YOUR TASK: The full listing is to be written out again, unchanged.

==== SOURCE DATA ====

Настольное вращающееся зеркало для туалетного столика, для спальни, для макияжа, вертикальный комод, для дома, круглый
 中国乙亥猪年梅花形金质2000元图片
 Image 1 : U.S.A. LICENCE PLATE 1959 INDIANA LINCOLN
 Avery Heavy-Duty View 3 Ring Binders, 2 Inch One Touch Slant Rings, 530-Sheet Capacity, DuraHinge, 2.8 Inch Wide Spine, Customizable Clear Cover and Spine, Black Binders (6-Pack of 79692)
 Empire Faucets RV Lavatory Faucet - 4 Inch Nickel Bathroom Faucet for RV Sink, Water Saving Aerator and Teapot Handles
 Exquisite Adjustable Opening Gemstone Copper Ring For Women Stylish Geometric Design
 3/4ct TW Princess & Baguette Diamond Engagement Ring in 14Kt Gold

====

TASK RESULT:
Настольное вращающееся зеркало для туалетного столика, для спальни, для макияжа, вертикальный комод, для дома, круглый
 中国乙亥猪年梅花形金质2000元图片
 Image 1 : U.S.A. LICENCE PLATE 1959 INDIANA LINCOLN
 Avery Heavy-Duty View 3 Ring Binders, 2 Inch One Touch Slant Rings, 530-Sheet Capacity, DuraHinge, 2.8 Inch Wide Spine, Customizable Clear Cover and Spine, Black Binders (6-Pack of 79692)
 Empire Faucets RV Lavatory Faucet - 4 Inch Nickel Bathroom Faucet for RV Sink, Water Saving Aerator and Teapot Handles
 Exquisite Adjustable Opening Gemstone Copper Ring For Women Stylish Geometric Design
 3/4ct TW Princess & Baguette Diamond Engagement Ring in 14Kt Gold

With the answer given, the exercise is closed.